>>>>

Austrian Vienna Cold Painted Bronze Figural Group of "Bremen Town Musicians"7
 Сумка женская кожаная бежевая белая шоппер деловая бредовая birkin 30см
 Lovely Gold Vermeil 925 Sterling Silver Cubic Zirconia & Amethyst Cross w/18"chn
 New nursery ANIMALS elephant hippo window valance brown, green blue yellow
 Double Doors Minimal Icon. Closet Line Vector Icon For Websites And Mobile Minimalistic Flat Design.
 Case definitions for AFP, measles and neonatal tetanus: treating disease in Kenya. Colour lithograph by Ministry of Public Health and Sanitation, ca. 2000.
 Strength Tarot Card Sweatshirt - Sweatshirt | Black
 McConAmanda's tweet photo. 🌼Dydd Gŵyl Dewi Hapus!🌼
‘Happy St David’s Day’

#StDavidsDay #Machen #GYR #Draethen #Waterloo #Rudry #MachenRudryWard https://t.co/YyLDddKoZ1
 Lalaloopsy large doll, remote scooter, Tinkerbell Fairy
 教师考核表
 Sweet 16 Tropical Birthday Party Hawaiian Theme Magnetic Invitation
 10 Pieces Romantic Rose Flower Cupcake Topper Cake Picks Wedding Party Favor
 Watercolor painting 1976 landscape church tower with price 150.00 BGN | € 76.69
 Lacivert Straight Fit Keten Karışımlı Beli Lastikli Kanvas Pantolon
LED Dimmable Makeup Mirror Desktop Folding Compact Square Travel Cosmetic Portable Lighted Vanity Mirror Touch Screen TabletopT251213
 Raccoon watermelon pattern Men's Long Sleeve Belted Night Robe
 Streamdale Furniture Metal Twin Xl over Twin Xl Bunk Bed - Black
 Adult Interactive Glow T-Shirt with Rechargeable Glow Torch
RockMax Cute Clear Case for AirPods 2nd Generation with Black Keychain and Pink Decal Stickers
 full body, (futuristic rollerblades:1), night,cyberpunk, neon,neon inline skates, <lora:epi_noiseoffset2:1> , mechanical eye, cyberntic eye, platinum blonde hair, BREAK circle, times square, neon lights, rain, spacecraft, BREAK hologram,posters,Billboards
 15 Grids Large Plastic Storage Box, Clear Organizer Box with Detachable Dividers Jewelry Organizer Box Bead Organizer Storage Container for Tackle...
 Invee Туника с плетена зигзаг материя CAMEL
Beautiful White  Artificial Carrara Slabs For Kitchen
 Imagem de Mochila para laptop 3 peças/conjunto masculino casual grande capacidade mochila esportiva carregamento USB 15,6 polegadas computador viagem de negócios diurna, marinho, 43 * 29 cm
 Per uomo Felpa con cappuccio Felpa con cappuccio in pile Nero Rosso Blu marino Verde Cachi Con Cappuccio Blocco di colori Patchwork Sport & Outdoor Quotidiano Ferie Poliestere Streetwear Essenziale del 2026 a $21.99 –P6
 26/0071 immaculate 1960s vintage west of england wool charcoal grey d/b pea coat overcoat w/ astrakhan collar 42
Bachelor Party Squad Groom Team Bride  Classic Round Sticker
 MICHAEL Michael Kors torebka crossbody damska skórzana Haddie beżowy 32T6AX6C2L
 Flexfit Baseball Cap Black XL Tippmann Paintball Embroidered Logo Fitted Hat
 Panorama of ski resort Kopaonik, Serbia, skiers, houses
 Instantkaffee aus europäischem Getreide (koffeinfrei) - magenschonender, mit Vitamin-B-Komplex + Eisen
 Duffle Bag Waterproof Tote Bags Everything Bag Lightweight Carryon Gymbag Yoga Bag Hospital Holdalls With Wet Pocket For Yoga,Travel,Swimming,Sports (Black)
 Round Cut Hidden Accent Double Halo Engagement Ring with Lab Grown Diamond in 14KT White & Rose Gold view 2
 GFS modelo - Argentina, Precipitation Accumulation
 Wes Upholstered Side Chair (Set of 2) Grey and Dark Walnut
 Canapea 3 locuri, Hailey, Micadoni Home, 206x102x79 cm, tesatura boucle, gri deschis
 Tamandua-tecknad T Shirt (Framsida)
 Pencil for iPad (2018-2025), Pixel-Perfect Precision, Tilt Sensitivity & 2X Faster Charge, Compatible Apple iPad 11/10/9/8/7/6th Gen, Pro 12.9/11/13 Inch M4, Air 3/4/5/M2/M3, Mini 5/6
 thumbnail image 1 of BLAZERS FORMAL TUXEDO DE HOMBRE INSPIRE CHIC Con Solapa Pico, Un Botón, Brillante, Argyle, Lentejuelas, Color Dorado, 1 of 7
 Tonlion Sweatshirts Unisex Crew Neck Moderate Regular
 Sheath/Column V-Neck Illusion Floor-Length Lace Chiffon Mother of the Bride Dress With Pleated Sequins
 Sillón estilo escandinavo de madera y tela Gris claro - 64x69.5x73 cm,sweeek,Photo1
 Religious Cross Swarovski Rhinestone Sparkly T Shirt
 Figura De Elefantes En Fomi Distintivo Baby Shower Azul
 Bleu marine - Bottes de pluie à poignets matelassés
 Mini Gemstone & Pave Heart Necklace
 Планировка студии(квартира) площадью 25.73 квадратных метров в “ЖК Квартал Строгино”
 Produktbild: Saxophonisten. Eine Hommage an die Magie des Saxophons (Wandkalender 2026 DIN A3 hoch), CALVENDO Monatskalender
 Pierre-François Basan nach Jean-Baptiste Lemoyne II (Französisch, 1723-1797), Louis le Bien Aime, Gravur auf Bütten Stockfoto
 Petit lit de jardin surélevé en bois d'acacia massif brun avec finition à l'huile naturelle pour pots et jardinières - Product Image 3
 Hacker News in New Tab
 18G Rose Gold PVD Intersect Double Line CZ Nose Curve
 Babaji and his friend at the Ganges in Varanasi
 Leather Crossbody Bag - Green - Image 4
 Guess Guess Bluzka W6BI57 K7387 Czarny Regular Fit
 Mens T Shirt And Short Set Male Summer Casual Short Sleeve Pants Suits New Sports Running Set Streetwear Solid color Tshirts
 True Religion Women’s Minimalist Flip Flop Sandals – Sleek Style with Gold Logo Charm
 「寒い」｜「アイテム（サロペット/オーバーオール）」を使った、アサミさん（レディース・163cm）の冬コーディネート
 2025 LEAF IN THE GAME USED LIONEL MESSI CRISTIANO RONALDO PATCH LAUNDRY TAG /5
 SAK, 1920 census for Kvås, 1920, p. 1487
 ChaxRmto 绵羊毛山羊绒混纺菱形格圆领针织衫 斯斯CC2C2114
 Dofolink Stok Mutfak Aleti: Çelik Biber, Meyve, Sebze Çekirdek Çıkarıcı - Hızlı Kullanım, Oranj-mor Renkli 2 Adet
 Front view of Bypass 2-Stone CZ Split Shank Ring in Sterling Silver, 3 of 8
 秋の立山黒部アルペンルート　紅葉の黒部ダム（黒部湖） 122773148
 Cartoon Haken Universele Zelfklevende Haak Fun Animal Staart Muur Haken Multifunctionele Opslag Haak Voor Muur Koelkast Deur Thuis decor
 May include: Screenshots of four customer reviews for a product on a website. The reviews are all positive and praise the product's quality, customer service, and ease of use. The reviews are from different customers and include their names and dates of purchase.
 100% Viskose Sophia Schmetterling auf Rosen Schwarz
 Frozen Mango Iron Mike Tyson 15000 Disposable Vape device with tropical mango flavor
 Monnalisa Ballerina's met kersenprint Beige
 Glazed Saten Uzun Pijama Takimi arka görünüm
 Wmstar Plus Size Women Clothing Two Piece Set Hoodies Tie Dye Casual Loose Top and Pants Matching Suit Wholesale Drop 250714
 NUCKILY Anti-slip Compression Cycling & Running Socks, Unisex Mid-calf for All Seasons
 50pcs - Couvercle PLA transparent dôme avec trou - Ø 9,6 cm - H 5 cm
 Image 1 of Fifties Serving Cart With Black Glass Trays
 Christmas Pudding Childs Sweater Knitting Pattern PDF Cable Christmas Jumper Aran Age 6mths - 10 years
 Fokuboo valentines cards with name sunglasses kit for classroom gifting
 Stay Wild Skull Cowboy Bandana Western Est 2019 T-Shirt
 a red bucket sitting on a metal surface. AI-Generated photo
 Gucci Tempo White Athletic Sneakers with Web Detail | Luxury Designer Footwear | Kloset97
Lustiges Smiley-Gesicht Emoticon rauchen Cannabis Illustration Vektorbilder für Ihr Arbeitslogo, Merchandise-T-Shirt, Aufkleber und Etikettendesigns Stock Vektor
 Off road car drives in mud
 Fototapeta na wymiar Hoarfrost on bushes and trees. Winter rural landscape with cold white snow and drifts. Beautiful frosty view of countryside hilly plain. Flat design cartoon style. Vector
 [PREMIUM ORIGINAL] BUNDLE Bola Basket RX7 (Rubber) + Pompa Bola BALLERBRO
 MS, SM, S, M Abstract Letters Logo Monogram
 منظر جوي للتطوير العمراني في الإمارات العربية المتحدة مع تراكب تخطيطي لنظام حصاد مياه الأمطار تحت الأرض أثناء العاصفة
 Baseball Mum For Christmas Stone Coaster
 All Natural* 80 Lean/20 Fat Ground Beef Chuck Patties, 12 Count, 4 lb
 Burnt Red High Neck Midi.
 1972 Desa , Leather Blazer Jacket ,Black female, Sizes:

<<<<

> **Instructions to follow**:
In the data above, which lines lie between the line with "New nursery ANIMALS" and the line with "Double Doors Minimal", inclusive? Print those lines exactly and nothing else.

> **Expected output**:
 New nursery ANIMALS elephant hippo window valance brown, green blue yellow
 Double Doors Minimal Icon. Closet Line Vector Icon For Websites And Mobile Minimalistic Flat Design.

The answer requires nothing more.